I have done this complete setup process a few times in both of my old and new laptops with completely different configurations. So, hope that the problems I faced are the most common one. It took me a considerable time to fix all those issues, mainly by visiting different discussion groups like StackOverflow, Ubuntu discussion forum and many other discussion threads and blogs.

I compiled them in one place here. So that you don’t have to visit multiple sites and refer to this post only to complete the whole installation process. In this way, this documentation will save a lot of your valuable time.

Prerequisites to set up deep learning workstation

I assume that you already have Ubuntu on your computer. If not then please install the latest version of Ubuntu. This is the most famous open-source Linux distribution and available for free download here. Although it is possible to run deep learning Keras models on Windows, it is not recommended.

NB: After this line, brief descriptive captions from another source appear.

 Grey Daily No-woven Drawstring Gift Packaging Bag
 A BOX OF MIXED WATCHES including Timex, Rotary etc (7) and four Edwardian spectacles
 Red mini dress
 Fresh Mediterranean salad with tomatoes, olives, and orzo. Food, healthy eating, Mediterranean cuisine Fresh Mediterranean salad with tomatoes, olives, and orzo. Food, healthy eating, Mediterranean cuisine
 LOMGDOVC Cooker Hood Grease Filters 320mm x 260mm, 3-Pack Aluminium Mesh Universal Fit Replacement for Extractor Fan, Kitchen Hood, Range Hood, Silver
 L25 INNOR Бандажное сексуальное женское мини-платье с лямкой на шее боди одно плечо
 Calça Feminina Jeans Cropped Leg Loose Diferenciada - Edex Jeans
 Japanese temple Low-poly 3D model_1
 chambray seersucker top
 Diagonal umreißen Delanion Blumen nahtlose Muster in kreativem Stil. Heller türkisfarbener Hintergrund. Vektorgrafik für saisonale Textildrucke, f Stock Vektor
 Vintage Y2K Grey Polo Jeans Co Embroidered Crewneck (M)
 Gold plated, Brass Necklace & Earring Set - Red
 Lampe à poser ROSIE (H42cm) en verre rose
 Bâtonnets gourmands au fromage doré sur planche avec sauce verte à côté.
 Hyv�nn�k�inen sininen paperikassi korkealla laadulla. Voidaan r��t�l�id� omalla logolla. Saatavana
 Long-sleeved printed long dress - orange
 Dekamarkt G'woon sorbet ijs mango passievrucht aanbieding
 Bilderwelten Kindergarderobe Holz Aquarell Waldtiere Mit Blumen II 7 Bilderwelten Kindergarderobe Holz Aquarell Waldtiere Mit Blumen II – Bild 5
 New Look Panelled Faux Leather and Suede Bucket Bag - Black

Why should you use Ubuntu for deep learning? Refer to this article

Another prerequisite for running deep learning models is a good quality GPU. I will advise you to have an NVIDIA GPU in your computer for satisfactory performance. It is a necessary condition not must though. Because running sequence processing using recurrent neural network and image processing through convolutional neural models in CPU is a difficult proposition.

Such models may take hours to give results when run with CPU. Whereas a modern NVIDIA GPU will take merely 5-10 minutes to complete the models. In case if you are not interested to invest for GPU an alternative is using cloud service for computing paying hourly rent.

However, in long run, this using this service may cost you more than upgrading your local system. So, my suggestion will be if you are serious about deep learning and wish to continue with even moderate use, go for a good workstation set up.

The main steps to set up a deep learning workstation

Now I assume that you have already completed with all the prerequisites to set up your deep learning experiments. It is a little time-consuming process. You will require a stable internet connection to download various files. Depending on the internet speed the complete process may take 2-3 hours (with an internet speed of 1gbps in my case it took 2 hours) to complete. The main steps to set up a deep learning workstation are as follow:

  • Updating the Linux system packages
  • Installation of Python pip command. It is the very basic command going to be used to install other components
  • Installing the Basic Linear Algebra Subprogram (BLAS) library required for mathematical operation.
  • HDF5 data frame installation to store hierarchical data
  • Installation of Graphviz to visualize Keras model
  • CUDA and cuDNN NVIDIA graphics drivers installation
  • Installation of TensorFlow as the backend of Keras
  • Keras installation
  • Installation of Theano (optional)

So, we will now proceed with the step by step installation process

Updating the Linux system packages

The following line of commands will complete the process of Linux system up-gradation process. You have to type the commands in Ubuntu terminal. The keyboard shortcut to open the terminal is “Ctrl+Alt+T”. Open the terminal and execute the following lines of code.

$ sudo apt-get update
$ sudo apt-get --assume-yes upgrade

Installing the Python-pip command

The pip command is for installing and managing Python packages. Next which ever packages we are going to install, this pip command will be used. It is an replacement of the earlier command easy_install. Run the following command to install python-pip.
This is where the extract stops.